Saturday, December 2, 2006

Tancredo hot potato

Protesters try to mash appearance at Michigan State

By M.E. Sprengelmeyer, Rocky Mountain News December 2, 2006

Loud protests, small scuffles and fire alarms disrupted Rep. Tom Tancredo's appearance Thursday night at Michigan State University.
But campus police downplayed the incidents, and the conservative congressman took the charges of racism hurled at him during the protests in stride.

"It was pretty much what I recalled when I was in college myself during the old anti-war protests," said Tancredo, 60, on the telephone. "Lots of kids, lots of screaming, lots of banners."

Tancredo has become a lightning rod, thanks to his hard-line stance opposing illegal immigration, and each day seems to bring a new controversy and round of headlines. Just this week he got into a spat with Florida Gov. Jeb Bush when he was accused of disparaging the city of Miami.

Thursday night's event was sponsored by the MSU College Republicans and the Young Americans for Freedom. Not surprisingly, the topic of Tancredo's speech was illegal immigration.

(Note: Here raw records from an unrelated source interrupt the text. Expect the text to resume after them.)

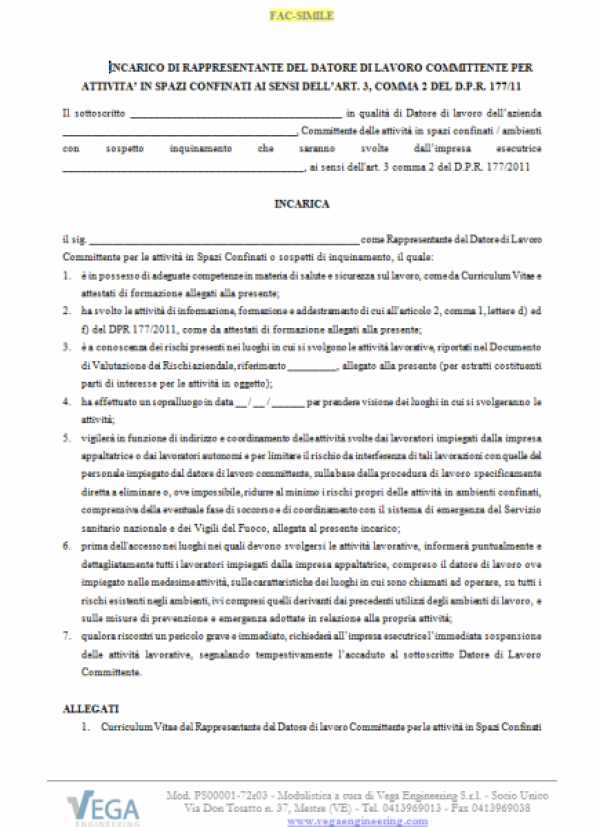 Modulo incarico del Rappresentante Committente per Attività in Spazi Confinati
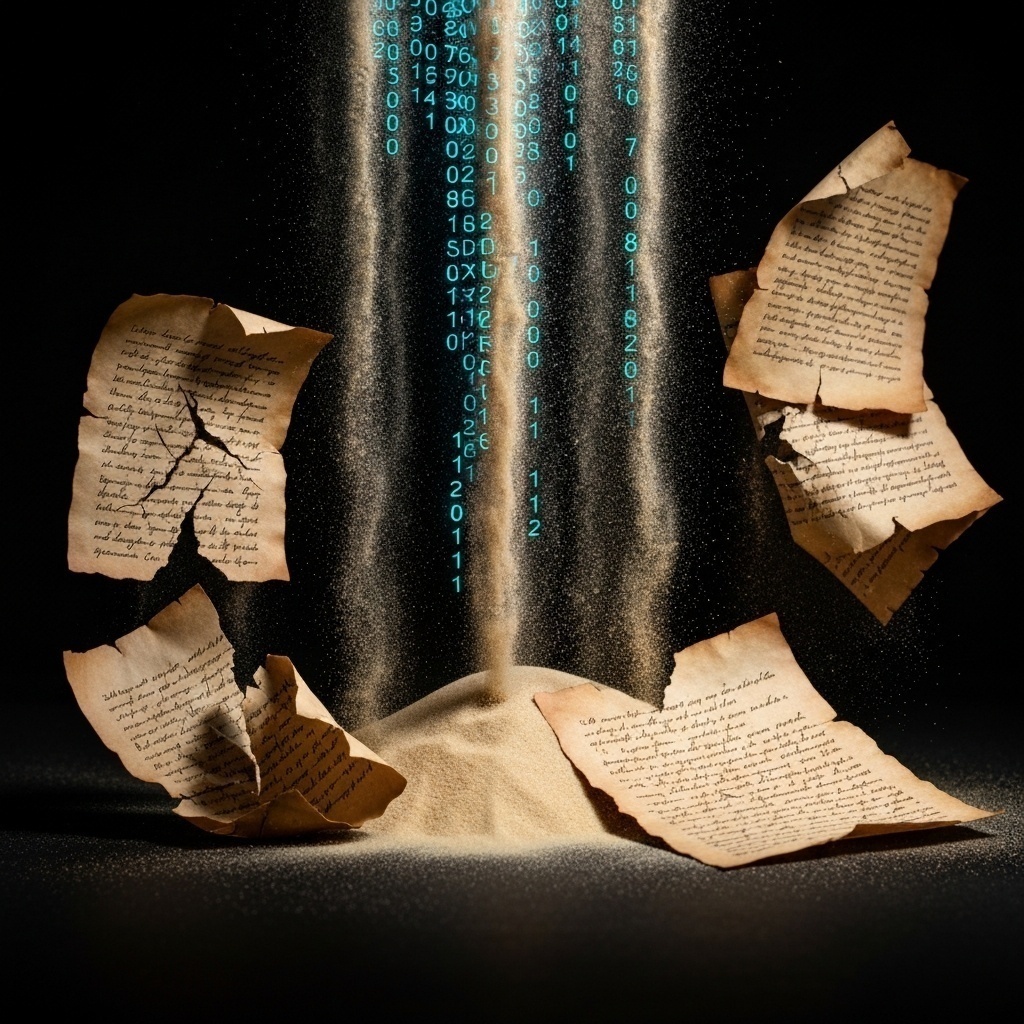 Fichiers numériques s’effritant comme du vieux papier, notion de fragilité des données anciennes.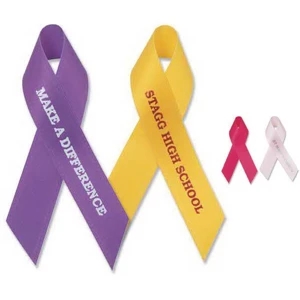 5/8" x 3 1/2" Awareness Ribbon (folded) Imprinted with Tape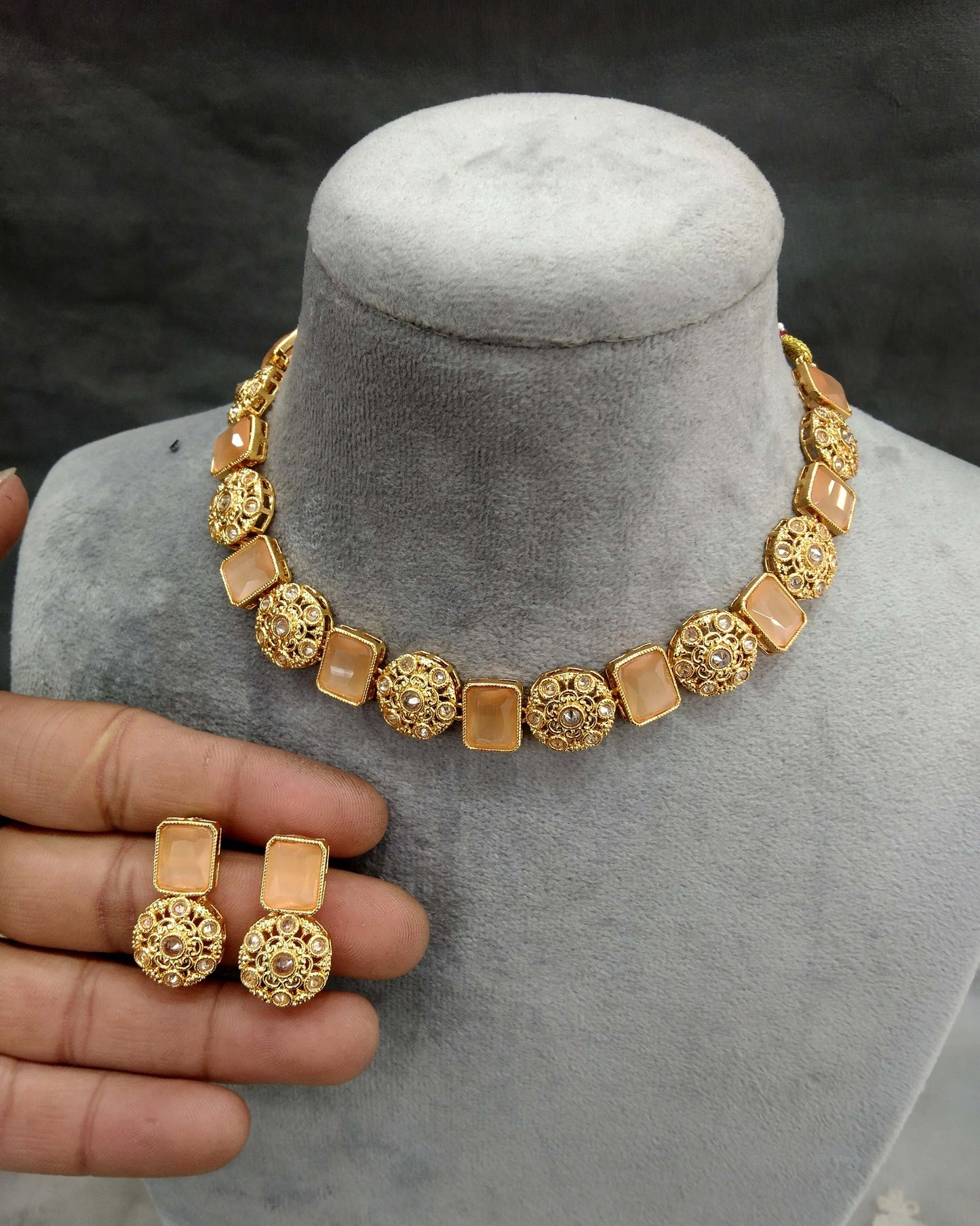 Gold necklace Jewellery Set/ gold yellow necklace Indian shweta Jewellery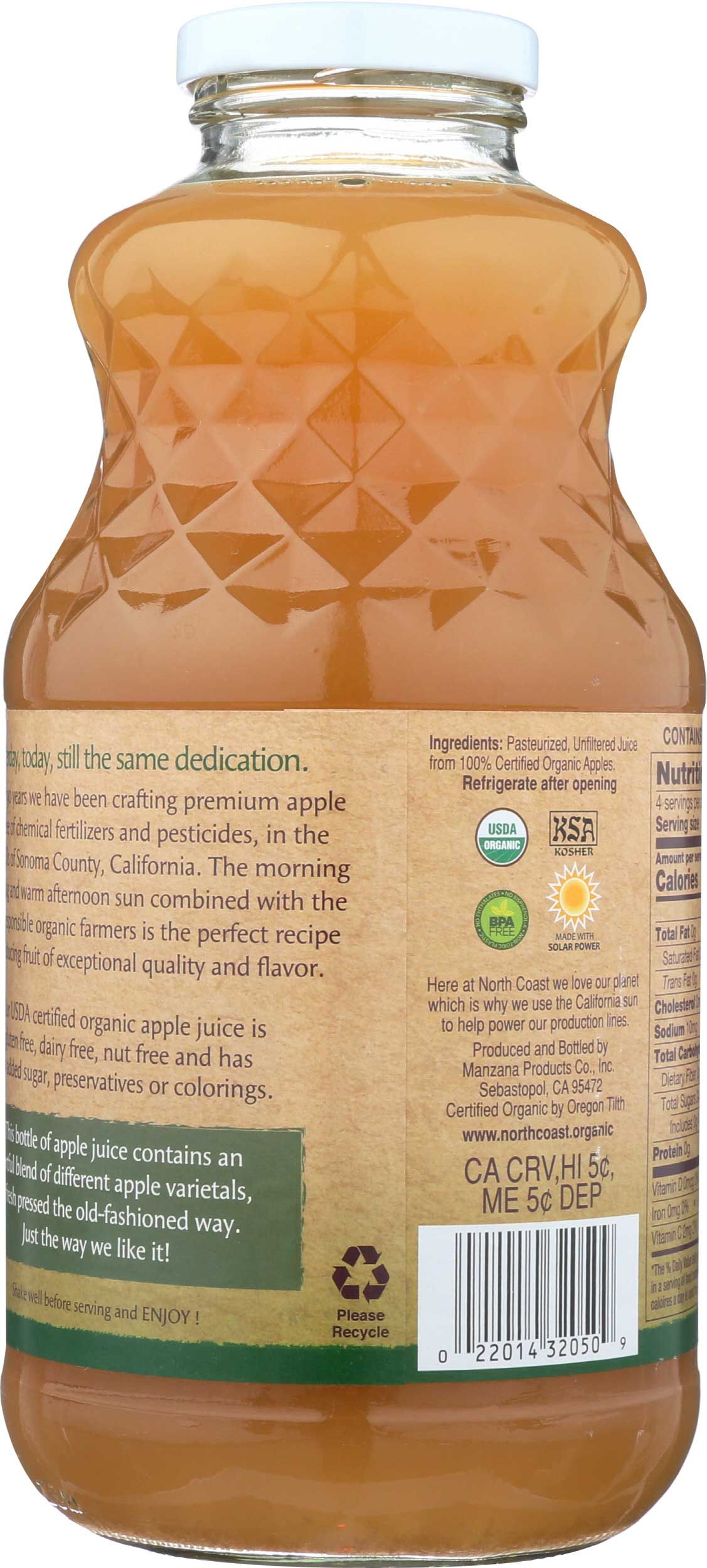 North Coast Organic Apple Juice, 32 Ounce -- 6 Per Case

While organizers were awaiting Tancredo's arrival, 10 to 20 protesters joined a few dozen people in the law school auditorium, awaiting the speech.

Some protesters carried signs ridiculing the security fence Tancredo has proposed building on the U.S.-Mexico border.

"Where's the wall to keep you out?" one sign asked, according to a published report and videotapes that were circulating online Friday. Another sign read: "Ignorant racist."

And one group of protesters stood in front of the podium where Tancredo was supposed to speak, unfurling a large banner reading: "No Nazis . . . KKK . . . Racist USA."

Before Tancredo arrived, campus police were called out on reports of disorderly conduct, said Sgt. Florene McGlothian- Taylor of the MSU Police Department.

"After a brief confrontation, the protesters did agree to sit quietly in the back of the room and listen to the speaker," she said.

While some protesters were leaving the room, a fire alarm sounded. Authorities cleared the building, including law school classes, McGlothian-Taylor said.

Once outside, shouting matches broke out between Tancredo's fans and foes.

"Some people came up, started calling me names: racist, Nazi, fascist," said Kyle Bristow, chairman of the Young Americans for Freedom.

Bristow said that he rushed to help a pregnant woman who was being pushed by protesters.

"As we were walking away, I was kicked in the back and a girl spat on my face," Bristow said.

In another scuffle, a male student who supports Tancredo allegedly was confronted by a woman who slapped a digital camera out of his hands, causing about $200 in damage. McGlothian-Taylor said the woman was questioned, and prosecutors are considering charges.

After the all-clear was issued following the fire alarm, audience members went back inside and waited for Tancredo. He was introduced to a mix of cheers and boos. A few minutes into his speech, the fire alarm sounded again. Authorities let people stay, and Tancredo ultimately finished his remarks.

After the second alarm, student Randy McPherson told the campus newspaper, "God works in mysterious ways. . . . (Tancredo) shouldn't be here."

Asked about what happened, Tancredo said, "It was, on the one hand, an excellent expression of free speech on the part of demonstrators and the school allowing them to do that. On the other hand, it was a demonstration on the part of the demonstrators not to extend that to me."

Attempts to contact various protesters were unsuccessful.

Tancredo has pockets of followers in Michigan, where he recently won one county's straw poll for would-be Republican presidential contenders.

"I hope so badly that he runs for president," Bristow said. "So many people are willing to move to whatever state he goes to to help him campaign."

Most of this week, Tancredo has been jousting with Jeb Bush and other Floridians after he said the ethnically diverse city of Miami resembles a "Third World country." Bush and Tancredo traded pointed letters, and Bush reportedly dismissed Tancredo as a "nut."

Joe Garcia, executive vice president of the New Democrat Network and director of its Hispanic Strategy Center, used the Miami controversy to give Tancredo backhanded praise.

"I'm a big fan of Tom Tancredo. I want to be the first guy to give him a check when he runs for president," Garcia said this week. "Morons like him gave us (Democrats) the House and Senate, and it's going to give us the White House, too."

Tancredo laughed when he heard the comment Friday.